# ODE with Euler Method

I have to solve the following ODE: $$y'(t)=y(t)+t$$, $$y(0)=0$$ with Eulers Method in two steps, where $$h=0.1$$. I tried the following: $$y'(0)=y(0)+0=0$$ and then I get $$y(0.1)=y(0)+h*y'(0)=0$$ but then everything will be 0. I do not get how to solve this.

• $y=0$ is the solution for initial condition $y(0)=0$. Choose a more interesting initial condition e.g. $y(0)=1$ and try again. – xidgel Jan 23 at 18:56
• @xidgel : No, there is a non-zero forcing term, the general solution is $y(t)=ce^t-1-t$ and $c=1$ for $y(0)=0$. – LutzL Jan 23 at 19:14
• @LutzL Thanks for catching that. – xidgel Jan 23 at 19:16

## 1 Answer

In the next step you get $$f(0.1, 0)=0.1$$ so that you get a non-zero value for the approximation at $$0.2$$.

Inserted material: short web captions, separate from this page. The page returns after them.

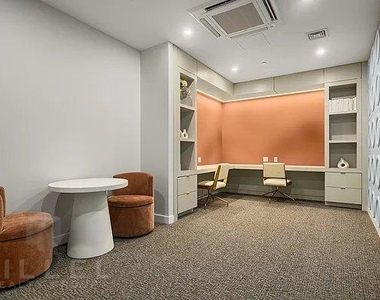 Rockwell Pl - Photo Thumbnail 8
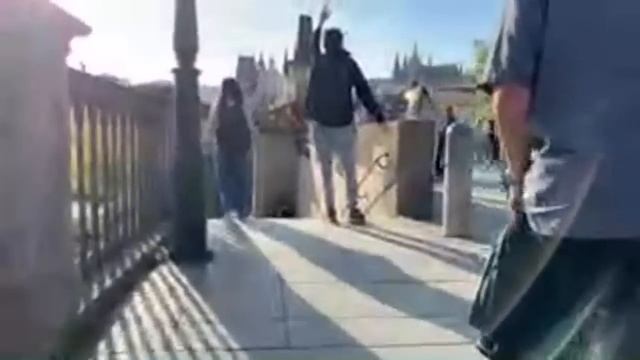 Наконец то весна в Праге смотреть онлайн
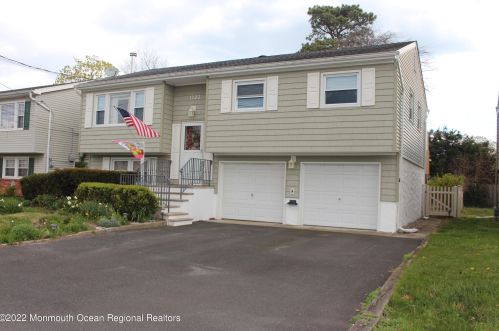 1122 Leonard Rd, Point Pleasant Beach, NJ 08742-4436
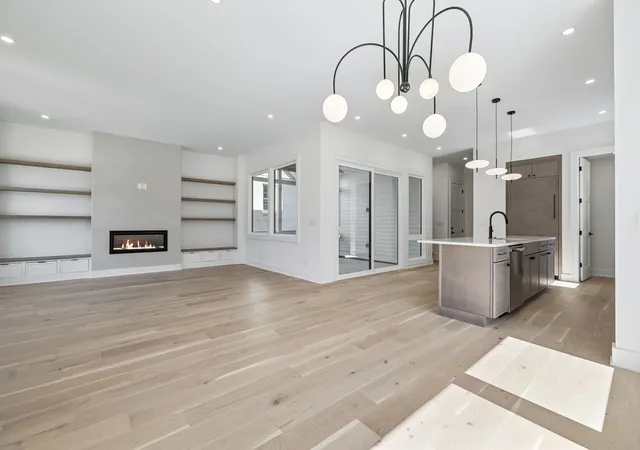 Photo 4 of Townhouse for sale at 1810a Martin St, Nashville, TN 37203 | MLS# 3620790 | Listing updated on 2026-10-23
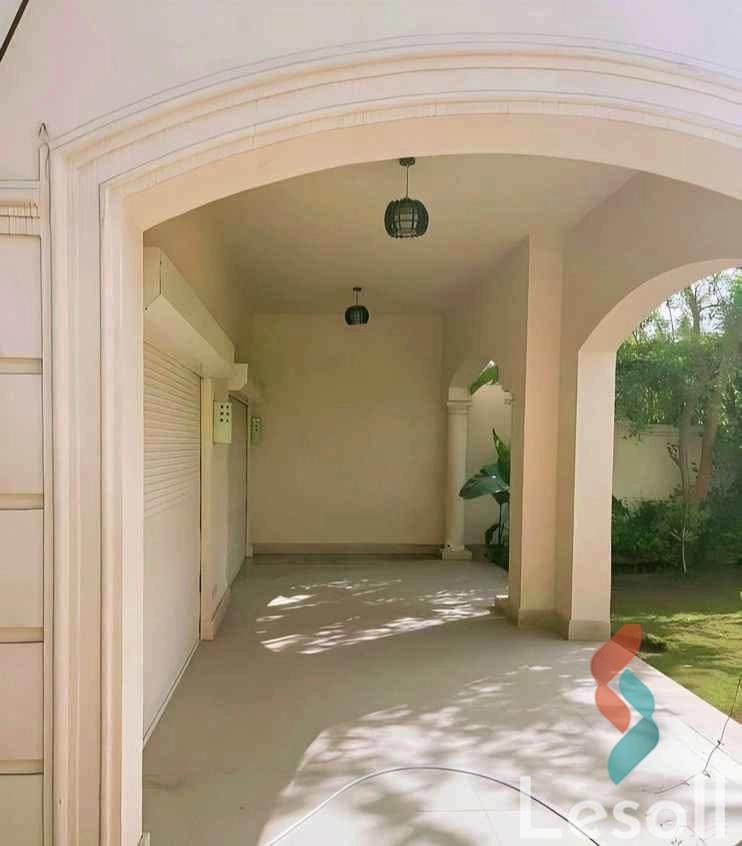فيلا للبيع بمساحة 260 متر و 5 غرف في مدينتي القاهرة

The leading error coefficient in $$y_k=y(t_k)+c(t_k)h+O(h^2)$$ is a solution of $$c'(t)=f_y(t,y)c-\frac12y''=c-\frac12e^t, \\~~\text{ so that }~~ (e^{-t}c)'=-\frac12\implies c(t)=-\frac12te^t$$

Plotting the actual error coefficient $$\frac{y_k-y(t_k)}h$$ against this first term curve for several values of $$h$$ gives the image So that indeed the Euler points are below the exact solution, for large $$h$$ this can be a large error, and for $$h=0.1$$ the error is as large as the value of the solution.